2.2 Aplicar ao Sr. Jandir Bellini, CPF nº 052.185.519-53,
com fundamento no art. 69 c/c o os arts. 21, parágrafo único, da Lei
Complementar nº 202/2000 e 108, parágrafo único, do Regimento Interno deste
Tribunal, as multas abaixo discriminadas, fixando-lhe o prazo de 30 (trinta)
dias, a contar da publicação deste Acórdão no Diário Oficial Eletrônico desta
Corte de Contas, para comprovar ao Tribunal o recolhimento das multas ao
Tesouro do Estado, sem o que, fica desde logo autorizado o encaminhamento da
dívida para cobrança judicial (arts. 43, II, e 71 do mesmo diploma legal).
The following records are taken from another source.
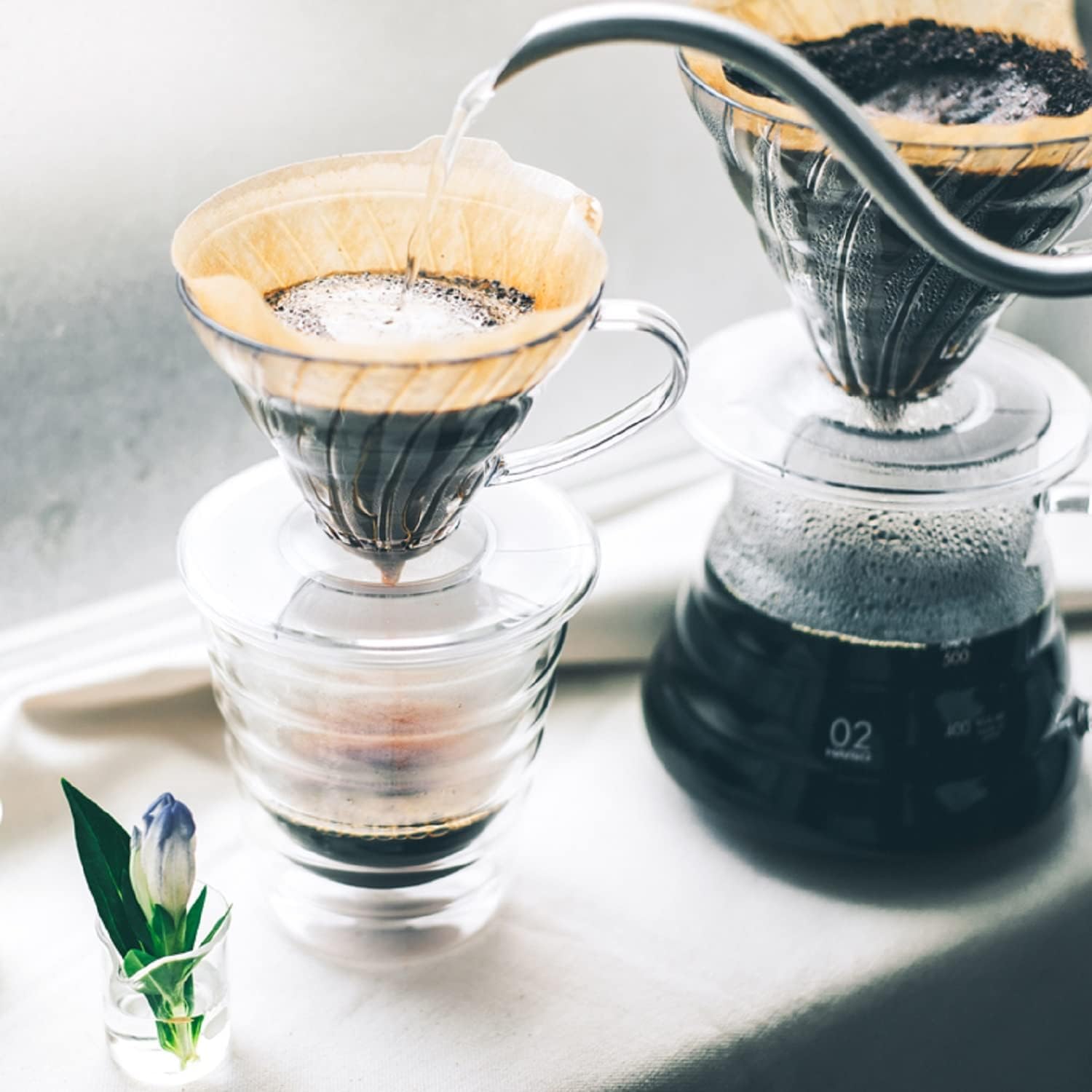 HARIO V60 resin dripper COFFEE DRIPPERS HARIO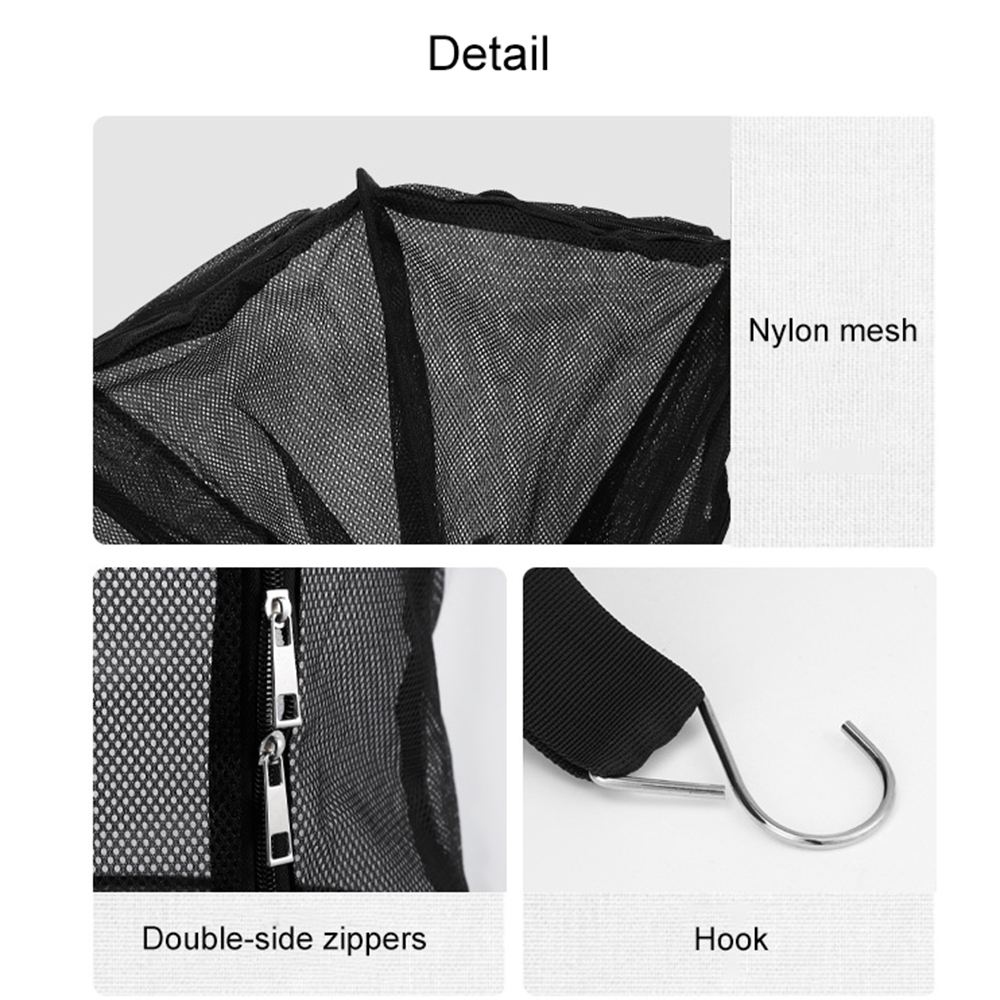 Camping Storage Drying Net 3 L - Outdoor Camping Cooking Equipment recension och pris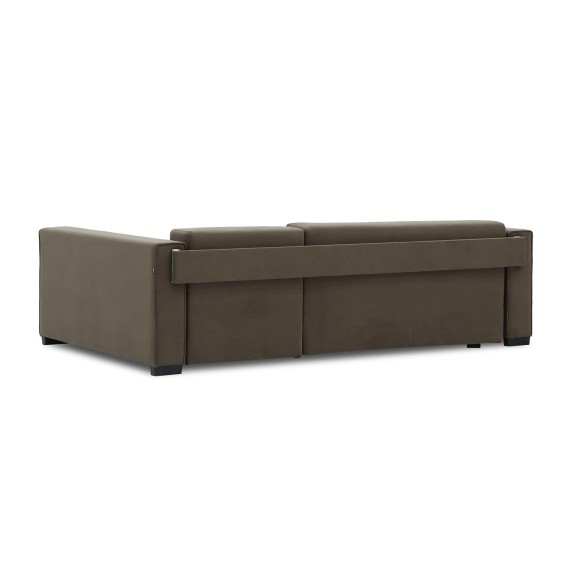 Sofa HOBEL CORNER LIZA PLUS F/P BROWN LEONARDO 6 R (5) 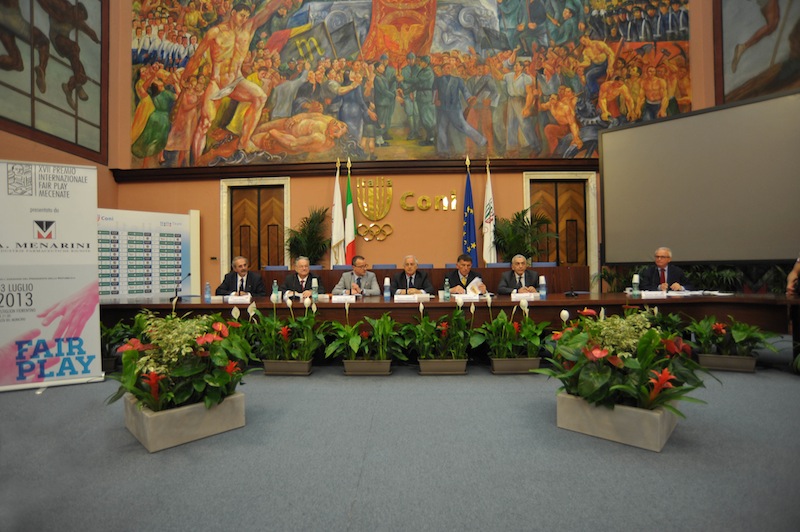 Presentazione del XVII Premio Internazionale Fair Play Menarini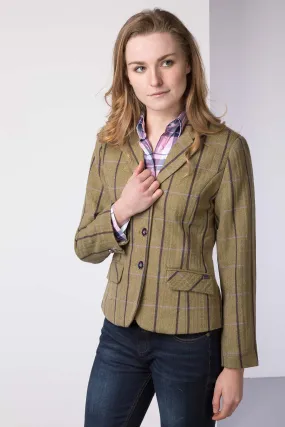 Ladies Tweed Hacking Jacket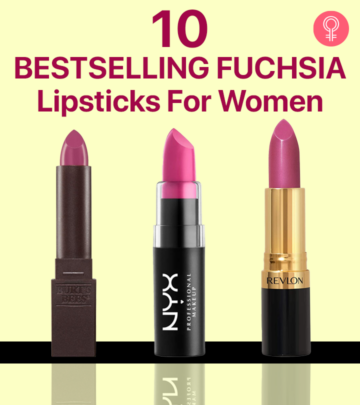 10 Bestselling Fuchsia Lipsticks For Women – 2023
2.2.1 R$ 1.000,00 (mil reais), por proceder à liquidação de despesa da
importância de R$ 346.549,21 em desacordo com as disposições do art. 63, § 2º,
inciso III, da Lei n. 4.320/64, especialmente a falta de apresentação de
documento hábil a demonstrar a efetiva entrega ou prestação do material ou
serviço objeto do pagamento (item 1.4 do Relatório DMU nº 653/2010);
2.2.2 R$ 800,00 (oitocentos reais), por deixar de anexar, em processos de
prestação de contas de recursos antecipados, declaração formal do ordenador da
despesa de que os valores, rigorosamente, aplicados nos fins para os quais
foram concedidos, desatendendo, assim, ao disposto no art. 44, IX, da Resolução
TC-16/94 (item 1.1 do Relatório DMU nº 653/2010);
2.2.3 R$ 800,00 (oitocentos reais), por haver apresentado com atraso as
prestações de contas, relativamente ao prazo estabelecido nos Convênios 001/04
e 004/04 a 008/04, celebrados pela Prefeitura Municipal de Itajaí (item 1.2 do
Relatório DMU nº 653/2010);
2.2.4 R$ 800,00 (oitocentos reais), por haver deixado de criar conta
bancária específica, no Banco do Estado de Santa Catarina, para registro e
controle dos recursos objeto dos Convênios 001/04, 006/04 e 007/04, contrariando
disposição expressa contida na cláusula quinta dos aludidos ajustes e, também,
do art. 47 da Resolução TC-16/94 (item 1.3 do Relatório DMU nº 653/2010);
2.2.5 R$ 800,00 (oitocentos reais), por haver tolerado, na execução dos
Convênios 001/04 e 004/04, celebrados entre a Prefeitura Municipal de Itajaí e
a COMBEMI, a realização de despesas, no montante de R$ 39,53 (trinta e nove
reais e cinqüenta e três centavos), estranhas às finalidades previstas naqueles
instrumentos (item 1.5 do Relatório DMU nº 653/2010);
2.2.6 R$ 800,00 (oitocentos reais), por haver reiterado, na gestão de
convênios celebrados pelo Município de Itajaí, a concessão de adiantamento a
responsável ainda em atraso com prestação de contas anterior, em desacordo com
as disposições do art. 33, inciso II, da Resolução TC-16/94 (item 1.6 do
Relatório DMU nº 653/2010).
2.3 Dar ciência desta Decisão, do
Relatório e do Voto que a acompanham, assim como do Relatório nº 653/2010-DMU,
ao senhor Prefeito Municipal de Itajaí e ao responsável, senhor Jandir Bellini.
Florianópolis, 17 de outubro de 2011.